The colourant may be incorporated during the formation of the aerosol generating material (e.g. when forming a slurry comprising the materials that form the aerosol generating material) or it may be applied to the aerosol generating material after its formation (e.g. by spraying it onto the aerosol generating material).

In some embodiments of any of the above embodiments, talcum powder, calcium carbonate powder or other powder is applied to the exposed surface of at least one discrete portion of aerosol-generating material. This may reduce the level of tackiness or adhesion of the aerosol-generating material.

In the following discussions of the accompanying drawings, where the same element is present in a more than one embodiment the same reference numeral is used for that element throughout, where there are similar elements similar reference numerals (the same numeral plus a multiple of 100) are used.

With reference to Figure 1, an aerosol provision device 2 comprises a casing 4 within which is located a heater assembly 6. The heater assembly 6 is comprised of a heating chamber 8 and a heater 10. The heater 10 can be an electrical resistance heater or a magnetic field generator for use with a susceptor.

The heating chamber 8 defines an opening or mouth 12 at a first end of the heating chamber 8. At the opposite end of the heating chamber 8 is an aperture 14. The aperture 14 is in fluid communication with a mouth piece 16 via a conduit 18.

Also located within the casing 4 is a controller 20 which is in electronic communication with and controls the functioning of the heater 10. The controller 20 may include a memory (not shown) within which one or more tables relating to the operation of the heater 10 may be stored. The heater 10 and controller 20 are powered by a power source 22. The power source 22 is a rechargeable battery. In other embodiments the power source may be other appropriate sources of electrical power.

The aerosol provision device 2 is suitable for use with a consumable 24. The consumable 24 comprises of one or more discrete portions of aerosol-generating material 32 supported on first surface 28 of the consumable 24. The discrete portions of aerosol-generating material 32 are supported on the surface 28 in a square grid pattern. Other, non-illustrated embodiments of the consumable 24 may include more or less discrete portions of aerosol-generating material 32 than shown in Figure 1 , including a single portion of aerosol-generating material 32, and those portions may be distributed on the surface 28 in any pattern. The discrete portions of aerosol-generating material 32 are shown to have an approximately circular shape in Figure 1 , they may, in other embodiments, be of other shapes. Examples of how to produce or manufacture the consumable 24 are described below.

With reference to Figure 2, to commence the production of a consumable 24, a media 30 is provided. The media 30 comprises a longitudinally extending sheet of flexible material, in the illustrated embodiment the media is a sheet of aluminium foil 34. In other unillustrated embodiments the material may be another suitable material, for example paper. The length and width of the media 30 as shown in Figure 2 is for illustrative purposes only. The media 30 may have different lengths and widths without departing from the scope of the present disclosure.

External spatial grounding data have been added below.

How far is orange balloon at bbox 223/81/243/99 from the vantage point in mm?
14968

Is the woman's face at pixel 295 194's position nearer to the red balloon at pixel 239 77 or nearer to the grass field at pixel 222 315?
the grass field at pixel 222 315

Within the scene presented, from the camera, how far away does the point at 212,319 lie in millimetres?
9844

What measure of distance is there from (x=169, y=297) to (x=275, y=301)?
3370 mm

The foil 34 has first and second major surfaces with the surface shown in Figure 2 being first surface 36, and the unseen major surface being second surface 38. In the present embodiment first surface 36 of the foil 34 is formed or treated so that first surface 36 has surface characteristics that make aerosol generating material applied to first surface 36 have a greater pull off stress or adhesive strength than aerosol generating material applied to second surface 38. In other embodiments, second surface 38 of the foil 34 is formed or treated so that second surface 38 has surface characteristics that make aerosol generating material applied to second surface 38 have a lower pull off stress or adhesive strength than aerosol generating material applied to first surface 36.

With reference to Figures 3 and 4, a plurality of discrete portions of aerosol generating material 32 (only three of the portions are labelled for clarity) are applied to a first surface 36 of the foil 34. In Figure 3 thirty portions of aerosol generating material 32 are illustrated and disposed on the first surface 36 of the foil 34 in a square grid pattern. In other unillustrated embodiments the number of portions of aerosol generating material 32 applied to the surface of the media 30 and the pattern in which they are disposed may be different.

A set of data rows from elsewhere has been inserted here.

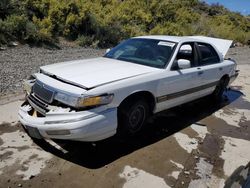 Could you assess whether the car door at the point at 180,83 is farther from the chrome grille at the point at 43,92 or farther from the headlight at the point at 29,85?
the headlight at the point at 29,85

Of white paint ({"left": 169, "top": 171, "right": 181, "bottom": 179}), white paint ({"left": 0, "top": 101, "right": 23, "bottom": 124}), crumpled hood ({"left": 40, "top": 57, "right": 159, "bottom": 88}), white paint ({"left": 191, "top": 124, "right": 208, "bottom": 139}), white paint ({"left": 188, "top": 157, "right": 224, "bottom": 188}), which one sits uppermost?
crumpled hood ({"left": 40, "top": 57, "right": 159, "bottom": 88})

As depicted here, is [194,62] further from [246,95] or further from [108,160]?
[246,95]

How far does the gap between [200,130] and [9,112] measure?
352 cm

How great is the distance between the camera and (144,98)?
4859 millimetres

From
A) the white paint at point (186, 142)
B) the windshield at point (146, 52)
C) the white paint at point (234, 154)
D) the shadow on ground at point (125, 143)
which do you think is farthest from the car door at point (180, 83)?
the white paint at point (234, 154)

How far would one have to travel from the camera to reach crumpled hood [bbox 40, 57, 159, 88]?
417 cm

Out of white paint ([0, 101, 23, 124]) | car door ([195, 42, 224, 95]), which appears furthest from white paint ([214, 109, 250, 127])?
white paint ([0, 101, 23, 124])

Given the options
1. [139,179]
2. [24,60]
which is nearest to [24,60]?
[24,60]

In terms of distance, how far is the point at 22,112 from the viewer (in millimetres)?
4363

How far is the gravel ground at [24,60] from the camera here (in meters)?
7.20

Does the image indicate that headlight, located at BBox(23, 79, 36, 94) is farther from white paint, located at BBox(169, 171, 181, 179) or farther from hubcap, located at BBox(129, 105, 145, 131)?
white paint, located at BBox(169, 171, 181, 179)

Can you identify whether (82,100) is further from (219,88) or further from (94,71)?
(219,88)

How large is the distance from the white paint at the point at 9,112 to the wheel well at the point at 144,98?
6.81 feet

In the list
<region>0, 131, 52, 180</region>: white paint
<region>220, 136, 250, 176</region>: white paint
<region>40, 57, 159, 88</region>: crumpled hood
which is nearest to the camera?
<region>0, 131, 52, 180</region>: white paint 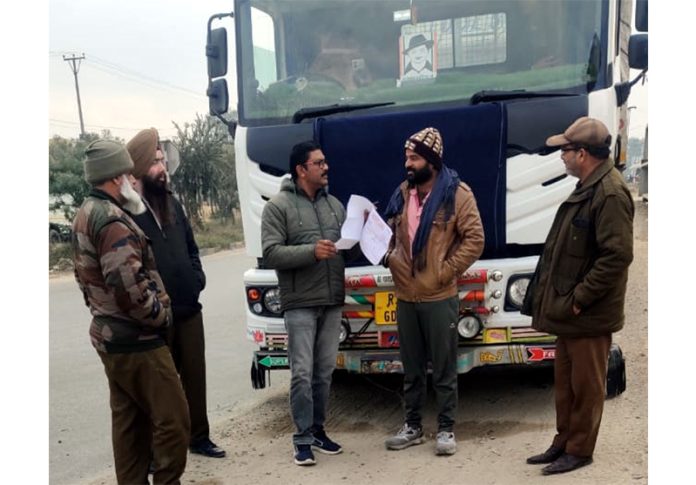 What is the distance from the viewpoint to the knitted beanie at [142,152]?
4.25 metres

The portions of aerosol generating material 32 are applied to the first surface 36 of the foil 34 as a slurry of aerosol generating material using a known aerosol generating material application technique such as extrusion of aerosol generating material slurry from a plurality of nozzles (not shown). In some embodiments (not shown) a plurality of layers of aerosol generating material slurry are applied to the same positions on the first surface 36 of the foil 34. The portions of aerosol generating material 32 are then caused or allowed to dry. The drying of the portions of aerosol generating material 32 is discussed further below. One or more of the portions of aerosol generating material 32 may have a different composition to the composition of at least one other of the portions of aerosol generating material 32.

With reference to Figure 5, after the portions of aerosol generating material 32 have dried, an edge 40 of the foil 34 is inserted into a longitudinal slot 42 which extends in an axial direction along a bobbin 44. The foil 34 is wound into a loose coil around the bobbin 44. The foil 34 is wound around the bobbin so that the portions of aerosol generating material 32 face radially inwardly in the coil. This has the result that the outer face of the coil is blank and the portions of aerosol generating material 32 that are attached to the portion of media that constitutes the outer face of the coil are protected, for example from abrasion, by the foil 34. In other embodiments, the foil may be wound around the bobbin 44 so that the portions of aerosol generating material 32 face radially outward.

The coils of foil 34 and portions of aerosol generating material 32 may now be stored until they are required. The period of storage may be at least 1 hour, at least 12 hours, at least 1 day, at least one week, or at least one month. The location of the coils may be changed in that the coils could be made in a first manufacturing facility and subsequently transported to a second manufacturing facility for further processing when desired.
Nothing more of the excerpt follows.